Occupare “in nero” lavoratori extracomunitari privi di permesso di soggiorno costituisce una condotta passibile di condanna sotto il duplice profilo penale ed amministrativo.
Nota a Cass. 24 maggio 2018, n. 12936
Francesca Albiniano
Con riguardo all’occupazione di lavoratori extracomunitari privi di permesso di soggiorno, la Corte di Cassazione (24 maggio 2018, n. 12936) specifica, respingendo le obiezioni dell’impresa, che l’illecito penale e quello amministrativo sanzionano due condotte diverse del datore, le quali ledono beni giuridici differenti. Con la conseguenza che l’impiego “in nero” di tali lavoratori costituisce una condotta passibile di condanna sia sotto il profilo penale che in termini amministrativi.
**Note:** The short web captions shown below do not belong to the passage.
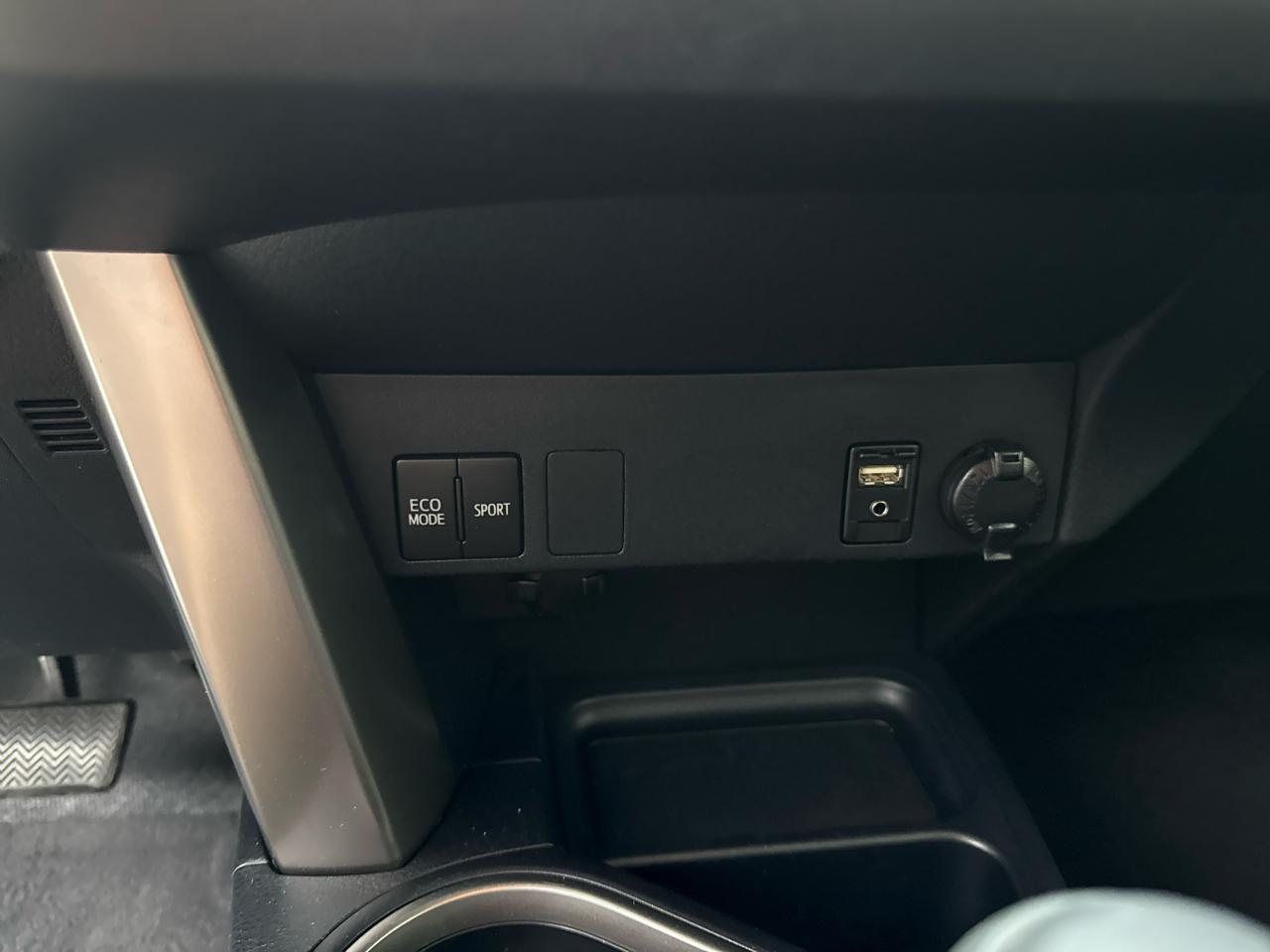 Toyota RAV4 LE FWD 2017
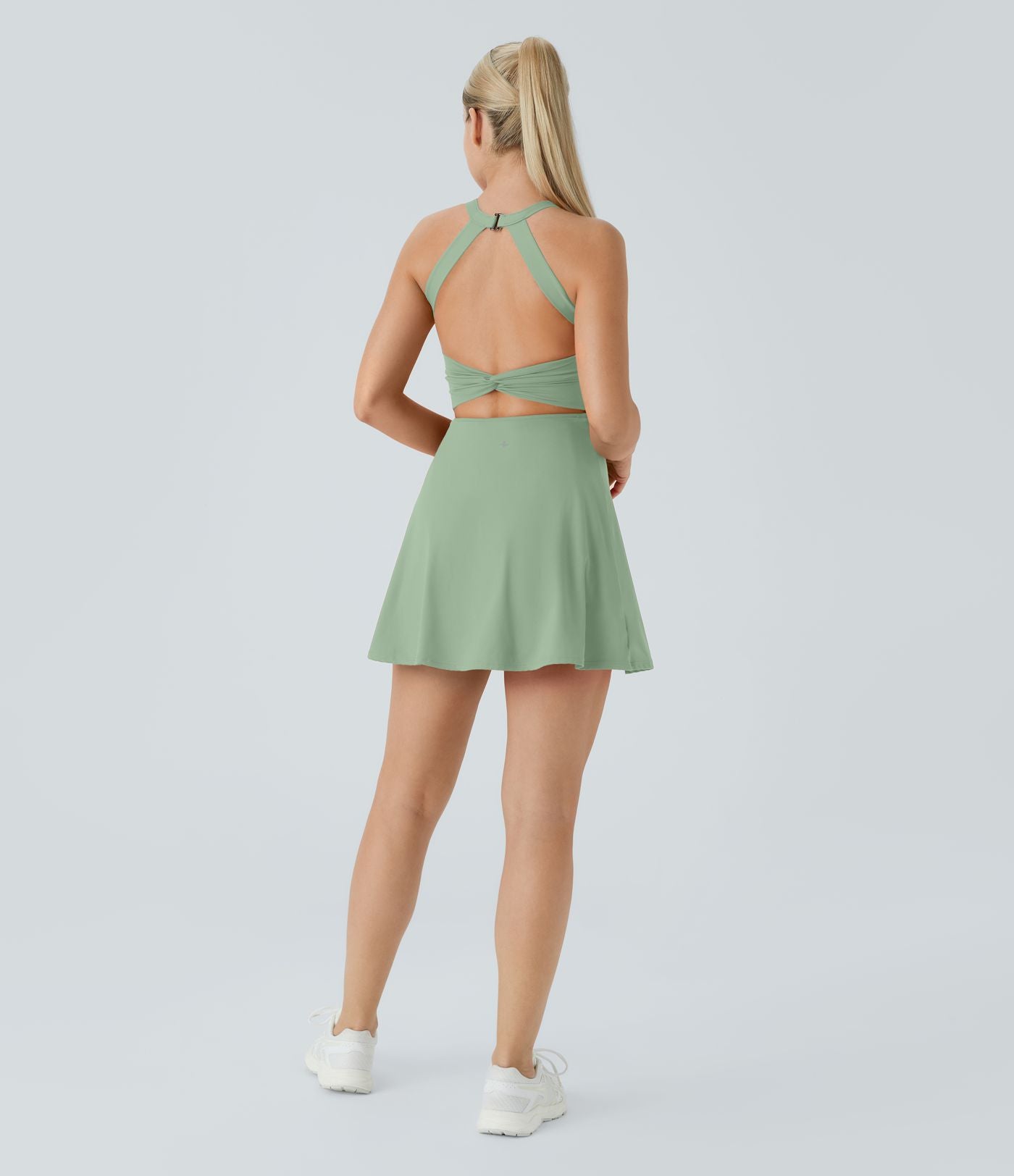 Robe de sport dos nu torsadée A-C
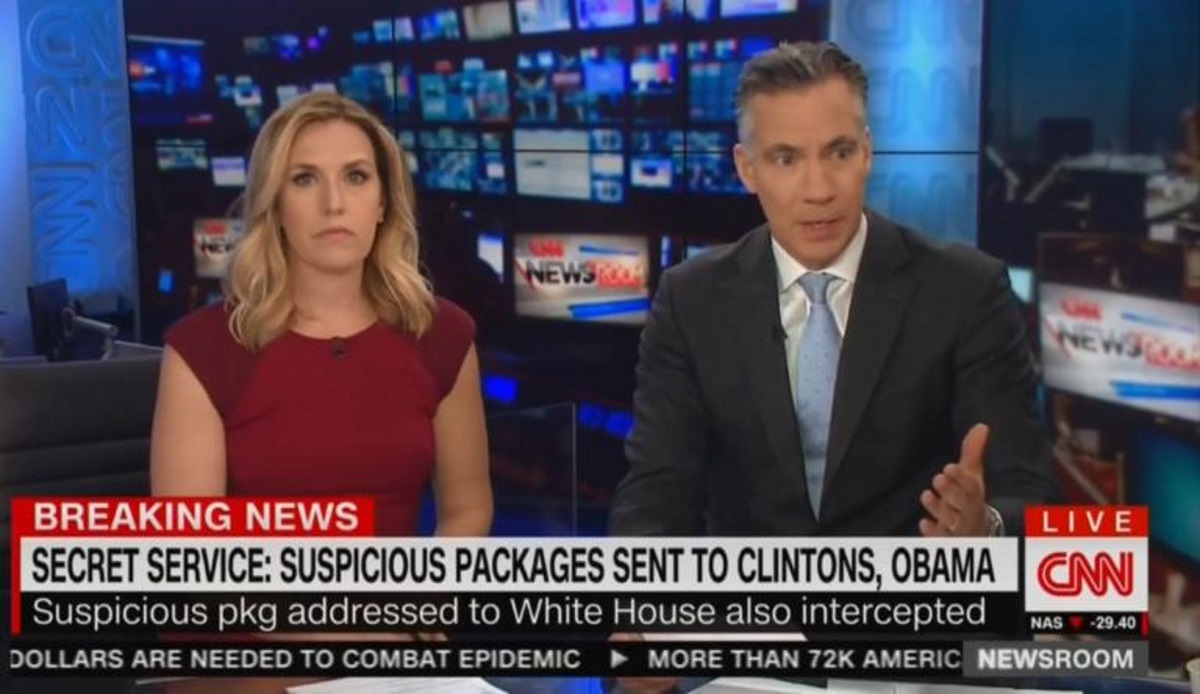 CNN: Η στιγμή που χτυπά συναγερμός on air! Σαστισμένοι οι παρουσιαστές – video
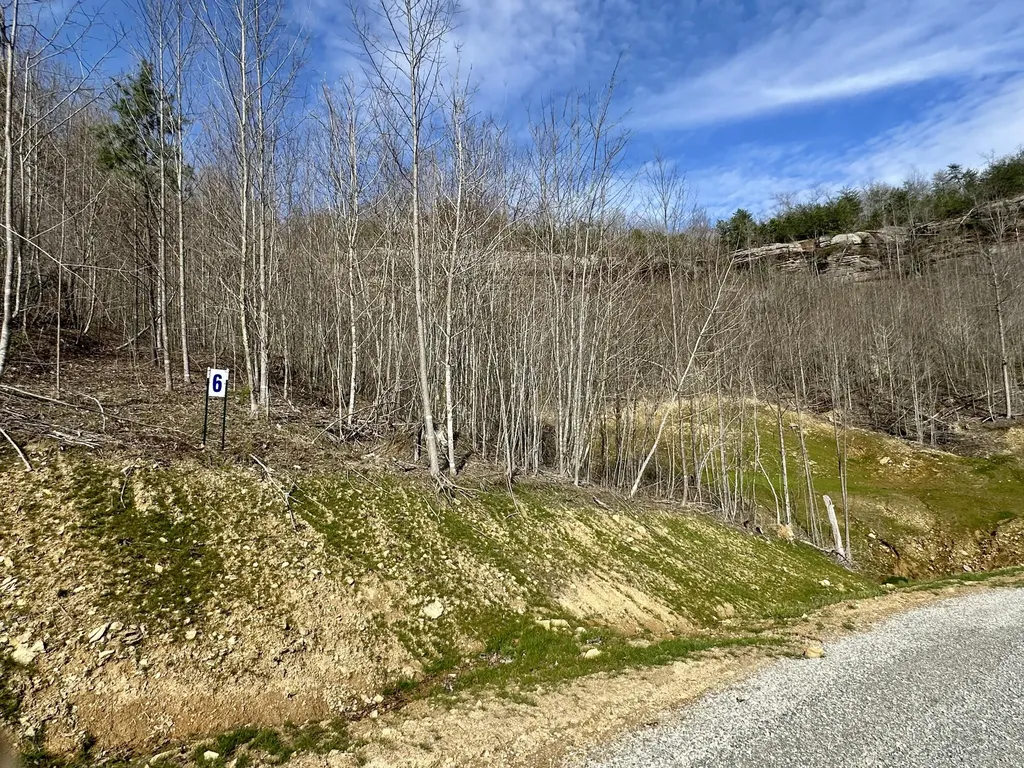 Lot 6 Sleepy Hollow Road East Bernstadt KY 40729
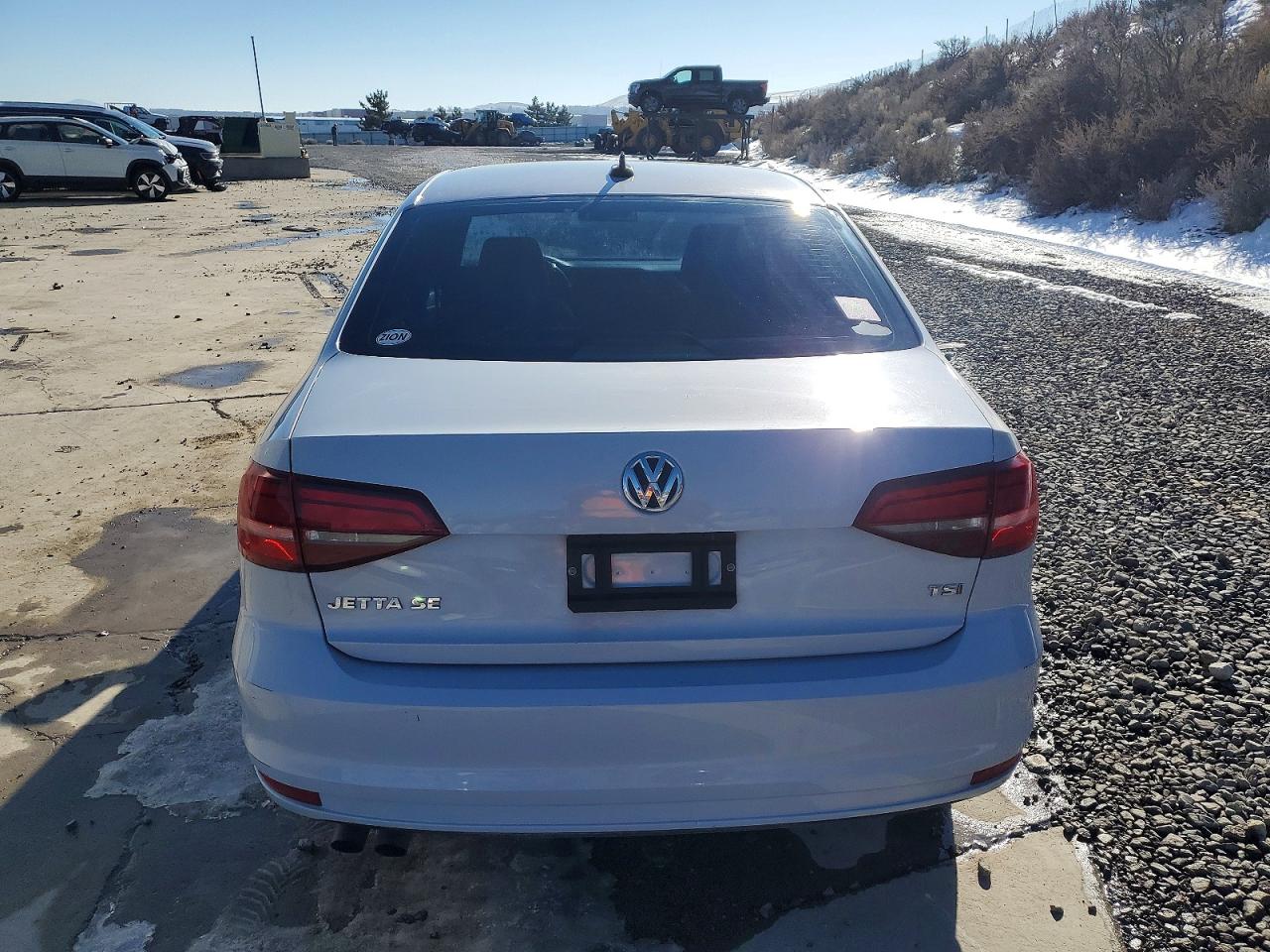 2017 VOLKSWAGEN JETTA SE photo 16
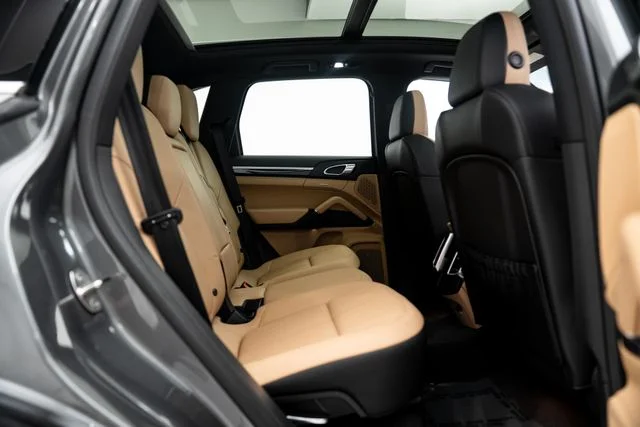Used 2014  Porsche Diesel Platinum Edition image 9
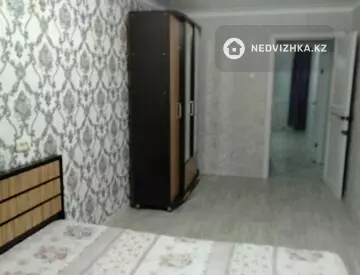 3-комнатная квартира, этаж 5 из 5, 60 м², На длительный срок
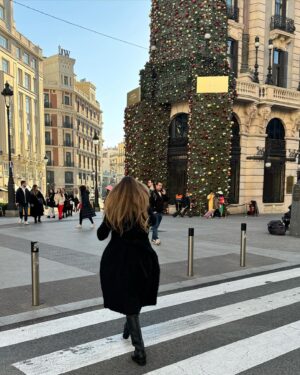 Carolina de Moras Instagram - Madrid random con mi peque!! ⭐️⭐️⭐️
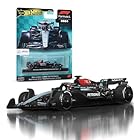 Hot Wheels Premium - Formula 1 auto da corsa, modellino die-cast in scala 1:64 da collezione, con pneumatici Real Riders, carrozzeria e telaio in metallo, giocattolo per fan e collezionisti, JBM16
La fattispecie riguarda un datore di lavoro che aveva impiegato lavoratori non risultanti nelle scritture contabili o in altra documentazione obbligatoria. Al riguardo, i giudici hanno chiarito che la diversità delle finalità “sottese nella fattispecie all’irrogazione della sanzione penale e di quella amministrativa rispettivamente tramite l’emanazione del decreto penale di condanna e dell’ordinanza-ingiunzione” trae fondamento dalla differente condotta sanzionata dalle disposizioni in oggetto che attengono, nella prima ipotesi, alla violazione della normativa sull’immigrazione; nella seconda, alla elusione dell’assolvimento degli obblighi contributivi.
Ne consegue che sotto il profilo penale l’elemento costitutivo del reato è incentrato sulla qualità soggettiva di lavoratore extracomunitario irregolare, propria del soggetto impiegato clandestinamente. Mentre, la determinante dell’illecito amministrativo è rappresentata dall’occupazione “in nero”, ovvero l’impiego non indicato nelle scritture contabili o in altra documentazione obbligatoria.
In sintesi, dal momento che le condotte datoriali ledono beni giuridici diversi (da un lato, le norme sull’immigrazione, dall’altro, l’assolvimento degli obblighi contributivi), secondo la Corte, non si non configura alcuna violazione del divieto di ne bis in idem.